Exercise aim |
Starting with the line that mentions "4T1B11HK5JU608894 2018 TOYOTA", repeat each line verbatim until the entries end, both ends included.

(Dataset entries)
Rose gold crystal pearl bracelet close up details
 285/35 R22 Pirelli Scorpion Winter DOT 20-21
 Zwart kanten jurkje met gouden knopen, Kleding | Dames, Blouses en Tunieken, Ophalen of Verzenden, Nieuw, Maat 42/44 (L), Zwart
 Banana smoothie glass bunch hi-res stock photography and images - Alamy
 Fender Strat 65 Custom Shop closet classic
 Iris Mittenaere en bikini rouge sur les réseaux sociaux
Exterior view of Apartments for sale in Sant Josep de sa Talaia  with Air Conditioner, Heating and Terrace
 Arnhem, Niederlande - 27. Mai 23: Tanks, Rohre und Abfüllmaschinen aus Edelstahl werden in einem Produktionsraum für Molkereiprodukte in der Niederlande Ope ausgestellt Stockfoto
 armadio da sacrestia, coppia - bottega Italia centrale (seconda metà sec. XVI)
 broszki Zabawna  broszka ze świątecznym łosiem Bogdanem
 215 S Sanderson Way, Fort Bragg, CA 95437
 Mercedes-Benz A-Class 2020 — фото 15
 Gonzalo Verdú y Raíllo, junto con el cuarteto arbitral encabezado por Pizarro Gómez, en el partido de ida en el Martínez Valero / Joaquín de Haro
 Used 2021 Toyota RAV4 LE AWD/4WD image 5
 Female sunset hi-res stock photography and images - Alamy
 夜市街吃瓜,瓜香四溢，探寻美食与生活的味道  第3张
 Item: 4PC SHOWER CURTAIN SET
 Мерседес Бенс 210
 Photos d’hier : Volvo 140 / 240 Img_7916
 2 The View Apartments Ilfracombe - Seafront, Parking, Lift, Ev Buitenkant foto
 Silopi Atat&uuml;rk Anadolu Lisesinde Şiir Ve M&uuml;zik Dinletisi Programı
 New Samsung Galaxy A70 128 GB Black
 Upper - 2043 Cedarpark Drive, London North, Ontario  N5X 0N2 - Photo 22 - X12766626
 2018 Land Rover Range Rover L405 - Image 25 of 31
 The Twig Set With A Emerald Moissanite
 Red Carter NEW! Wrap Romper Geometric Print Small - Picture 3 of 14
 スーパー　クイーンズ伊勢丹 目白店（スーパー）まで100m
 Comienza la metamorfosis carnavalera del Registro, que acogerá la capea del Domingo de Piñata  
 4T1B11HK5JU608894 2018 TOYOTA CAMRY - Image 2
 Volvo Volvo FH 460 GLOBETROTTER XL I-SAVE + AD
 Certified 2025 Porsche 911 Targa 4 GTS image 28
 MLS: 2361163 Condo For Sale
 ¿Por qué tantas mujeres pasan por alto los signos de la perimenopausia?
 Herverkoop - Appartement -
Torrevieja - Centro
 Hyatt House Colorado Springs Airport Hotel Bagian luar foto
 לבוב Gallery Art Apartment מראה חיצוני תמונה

Solution for this task |
 4T1B11HK5JU608894 2018 TOYOTA CAMRY - Image 2
 Volvo Volvo FH 460 GLOBETROTTER XL I-SAVE + AD
 Certified 2025 Porsche 911 Targa 4 GTS image 28
 MLS: 2361163 Condo For Sale
 ¿Por qué tantas mujeres pasan por alto los signos de la perimenopausia?
 Herverkoop - Appartement -
Torrevieja - Centro
 Hyatt House Colorado Springs Airport Hotel Bagian luar foto
 לבוב Gallery Art Apartment מראה חיצוני תמונה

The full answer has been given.